Treasury coordinated efforts to block assets and to assist other law
enforcement agencies to take actions against Al-Barakaat. On November
7, 2001, federal agents executed search warrants in three cities
across the country (Boston, Columbus, and Alexandria) and shut down
eight Al-Barakaat offices across the U.S., including locations in the
following cities:
-- Boston, Massachusetts;
-- Columbus, Ohio;
-- Alexandria, Virginia;
-- Seattle, Washington; and
-- Minneapolis, Minnesota.
As part of that action, OFAC was able to freeze $1,900,000
domestically in Al-Barakaat-related funds on November 7, 2001.
Treasury also worked closely with key officials in the Middle East to
facilitate blocking of Al-Barakaat's assets at its financial center of
operations. Disruptions to Al-Barakaat's worldwide cash flows could be
as high as $300 to $400 million per year, according to our analysts.
Of that, our experts and experts in other agencies estimate that $15
to $20 million per year would have gone to terrorist organizations.
The Al-Barakaat investigation exemplifies the importance of the flow
of funds disruption measure that we are attempting to use more
broadly. In addition, the combined work of FTAT and law enforcement
led to additional leads in the Al-Barakaat investigation.
This is an example of what our combined efforts can do when we join
our resources and our expertise to fight the scourge of terrorist
financing.
Although we have made much progress, we still have much work to do.
First, we must encourage more independent identification of terrorist
groups by other countries. The EU designation at the end of December
is a step in the right direction, but we need more countries to
initiate more designations.
Second, we have to ensure that more countries issue blocking orders
for more of the entities identified, by the United States, other
countries, and the international community, as being part of terrorist
financial networks. We must also do a better job of following up with
the countries to make sure that their orders, once issued, are fully
implemented and obeyed.
Third, we must do a better job of exploiting the "industrial quantity"
of documents captured in Afghanistan and increasingly elsewhere. Hard
drives and e-mails must be exploited as well. This is a massive task.
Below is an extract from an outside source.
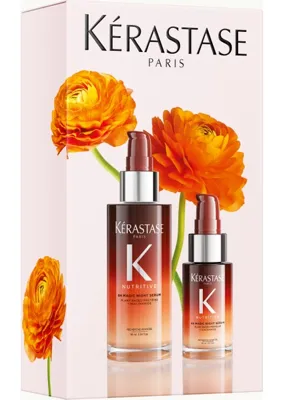 Kerastase Nutritive 8h Magic Night Yoğun Besleyici Gece Serumu Duo Set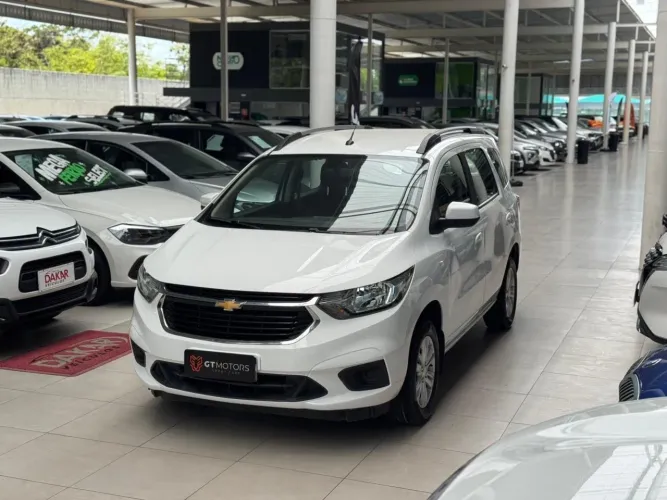 Chevrolet Spin LT 1.8 8V Econo.flex 5P Aut. 2024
To do it, we must bring documents together from all over the world,
translate them, cross-reference them, and thereby build a complete
picture. No one document can tell us that much.
Fourth, we must redouble efforts by U.S. and allied intelligence
services against such financial intermediaries as hawala dealers and
other informal systems.
To conclude this portion of my testimony, I believe that we have had
several important successes on the financial front of the war on
terrorism. We have marshaled the considerable expertise of our
Treasury law enforcement personnel to execute the President's mission
to detect, disrupt, and dismantle the financial infrastructure of
terrorist financing. We have worked closely with other agencies of the
federal government and, I believe, obtained an unprecedented level of
cooperation and coordination. We have worked extensively with foreign
governments to ensure that terrorist money has nowhere to hide.
Some have said that the financial war on terrorism is an impossible
task. After all, money is fungible and illegal money tends to flow to
the most hospitable country. I disagree. That the task is difficult
does not mean that it is impossible. This is an unconventional war
where there are no boundaries, where civilians are the targets, where
people (or so-called "martyrs") are the weapons, and where electronic
money transfers and messaging are the fuel and the logistics train.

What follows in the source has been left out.